Difficult-to-Scrape Page Types Solved by ScraperAPI

Struggling to collect data from a complex or tricky sites? The reality of web scraping is that – even though code-wise is fairly simple – the path to data isn’t always straightforward or easy. There are a lot of challenges you’ll need to overcome from a technical standpoint like IP rotation or CAPTCHA handling, and from a strategic standpoint.

Collect Data from the Toughest Domains

Bypass any anti-scraping mechanism automatically with a simple API call.

Data has become the most precious resource we can leverage to build and grow our businesses today, but as much as the web has grown, the roadblocks and complexity of the sites have too.

In this tutorial, we’ll explore the hardest type of websites to scrape, what challenges they present, and the strategies we can use to overcome them.

Note: We’ll be using Python for code examples, but the same logic applies to any programming language you prefer using.

Highly Targeted Websites

This can be understood in two ways:

  • Websites that have a lot of traffic
  • Websites that are common targets for bots

In both cases, these are websites presenting a vast amount of valuable information and usually have a bigger budget to prevent their pages from being scraped.

They have complex anti-scraping mechanisms that can easily detect bots and block them almost immediately.

For example, these websites can use CAPTCHA tests to block your scraper from getting to the page or can detect patterns on your requests (or your scraper behavior) to detect your bot.

To scrape this type of pages, it’s best to use a web scraping tool to automate the necessary infrastructure required to bypass all anti-scraping measures and get access to the target data.

A good example of this is Yahoo Finance.
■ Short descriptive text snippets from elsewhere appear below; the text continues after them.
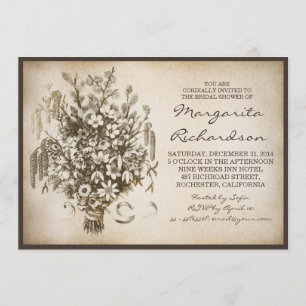 invitaciones a la ducha con flores silvestres vint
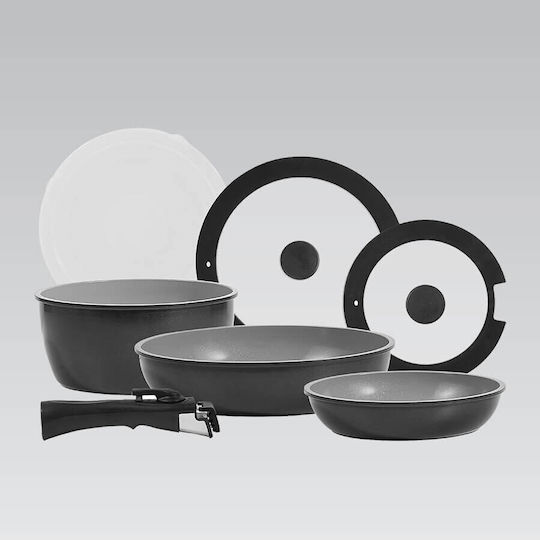 Maestro Maestro Töpfe Set aus Aluminium Schwarz mit Keramik Innenbeschichtung 3-teilig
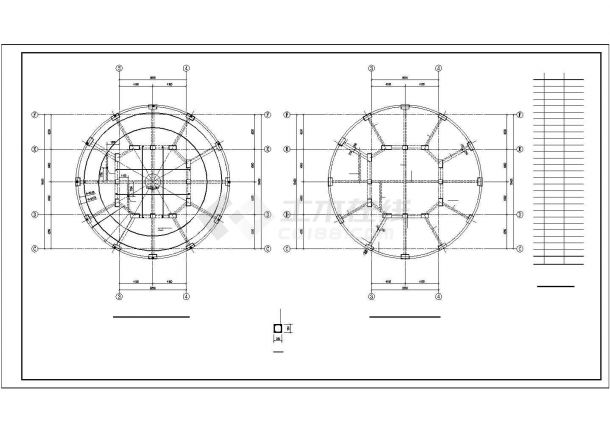 主体21层出屋面4层带旋转餐厅框剪结构施工图-图二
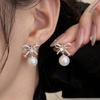 Korean Elegant Rhinestone Pearl Bow Drop Earrings for Women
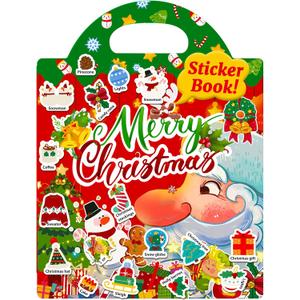 Benresive Reusable Sticker Books for Kids 2-4, Sticker Books for Toddlers 1-3 2-4, Toddler Travel Toys Activities Crafts Gifts - Christmas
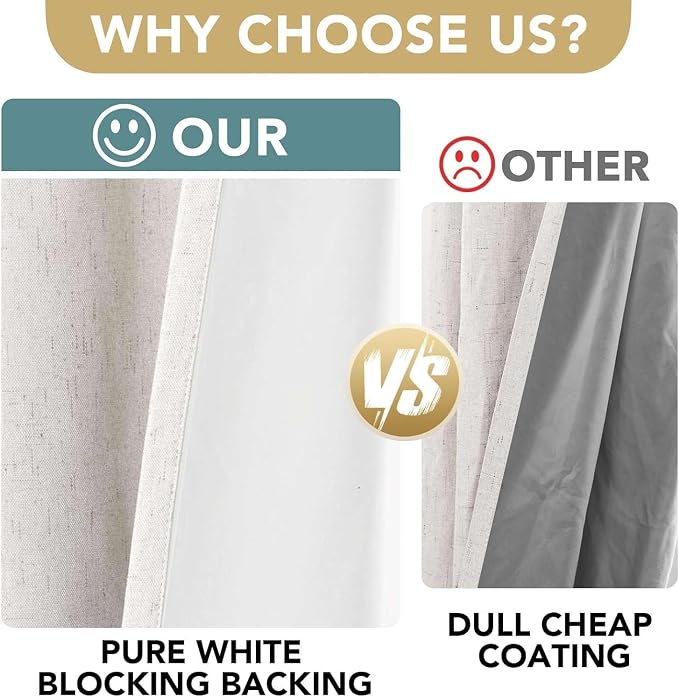 H.VERSAILTEX Linen Curtains 100% Blackout Curtains - Image 3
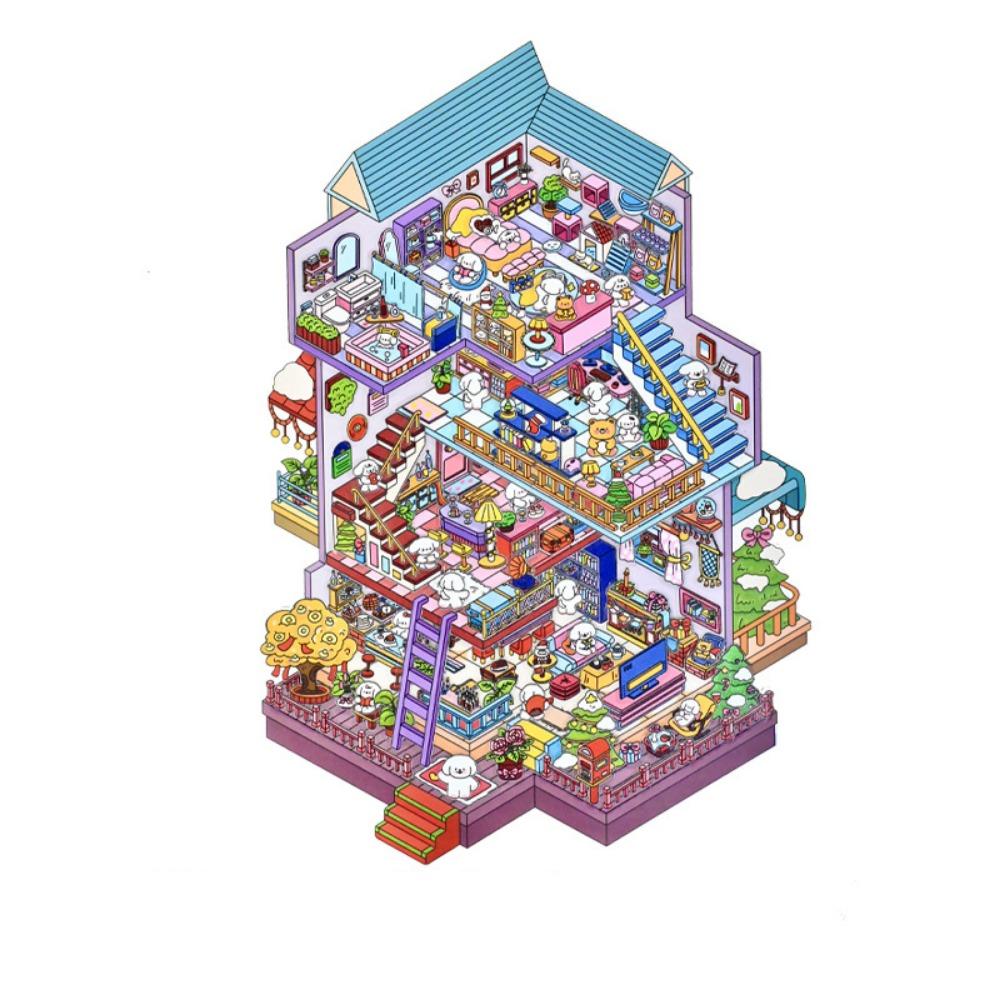 Multi-functional 2.5D Landscape Sticker Paper Plus Size Cabin Scene Game Stickers  Girls Style A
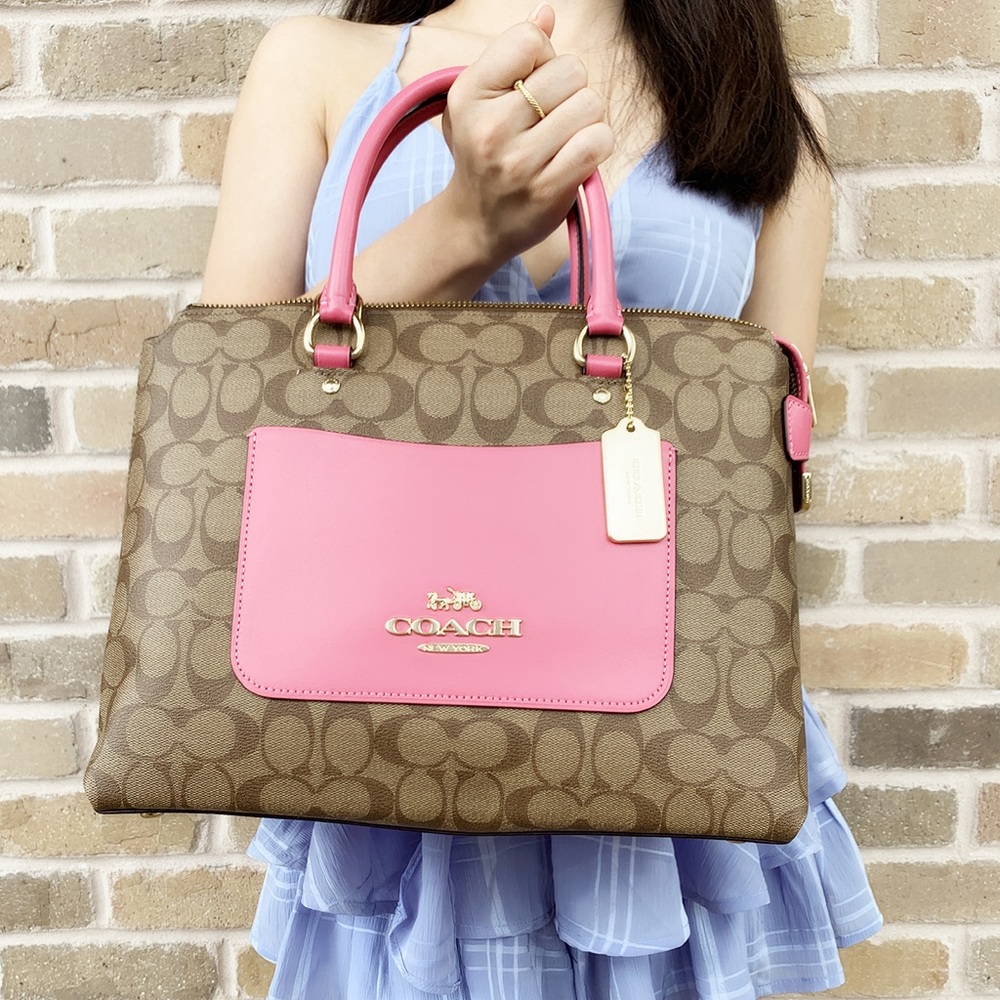 Coach large satchel bags khaki pink crossbody - Picture 2 of 5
It has a lot of valuable data for investors and financial institutions, so it’s a very common target.

Let’s see what happens when we try to send a request to https://finance.yahoo.com/currencies to get forex data:

import requests

response = requests.get('https://finance.yahoo.com/currencies')
print(response.status_code)

The response from the server is a big 404 status code. And even if it works the first time, your IP will get blocked after a couple of attempts.

That said, we can easily bypass these anti-scraping mechanisms with ScraperAPI.

First, create a free ScraperAPI account to get access to a unique API key and 5,000 free API credits. Then, we’ll send our request through ScraperAPI instead of directly from our machine.

import requests

payload = {
   'api_key': 'YOUR_API_KEY',
   'url': 'https://finance.yahoo.com/currencies',
}

response = requests.get('https://api.scraperapi.com', params=payload)
print(response.status_code)

Note: If you want to try this code snippet, make sure to pip install requests and add your API key to the api_key parameter within the payload.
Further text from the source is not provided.